Sue speculated that information had been gathered in the foyer prior to the show by an accomplice engaging audience members in conversation, a technique French says ‘psychics’ use widely, as their marks naturally discuss among themselves who they are hoping to hear from.

The theatre’s general manager claimed the voice came from two theatre staff members. Sally Morgan Enterprises also denied that the medium was being fed information during the show.

French compared the incident to James Randi’s use of a radio scanner to pick up messages sent to faith healer Peter Popoff’s earpiece in 1986, the subject of an entertaining YouTube video clip. Although his exposure led to him declaring bankruptcy the following year, Popoff is back; his ‘ministry’ received US$23 million in 2005. History suggests, says French, that most of Morgan’s followers will continue to adore her and pay the high prices demanded to see her in action, despite this incident.

Ring again

Just one more small piece on Ken Ring then no more, I swear. Despite promises to get out of the earthquake prediction business, he was in Upper Hutt recently declaring Wellington could expect a magnitude 7 quake some time between 2013 and 2016 (Upper Hutt Leader, 5 October).

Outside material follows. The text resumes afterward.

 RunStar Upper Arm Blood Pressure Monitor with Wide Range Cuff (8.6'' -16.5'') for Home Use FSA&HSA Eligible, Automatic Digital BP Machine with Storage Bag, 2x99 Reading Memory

Of course, predicting earthquakes in Wellington is a bit like predicting drought in the Sahara, and a four-year timeframe is a bit vague, to say the least. He says Wellington gets magnitude 7 quakes every 11 to 13 years (really?) and this period is when the next one is due.

I guess any half-way decent shake in the next eight years or so will be put down as a hit, and if nothing comes along before the end of 2016, who’s going to remember what he said in the Upper Hutt Library in October 2011? How can he lose?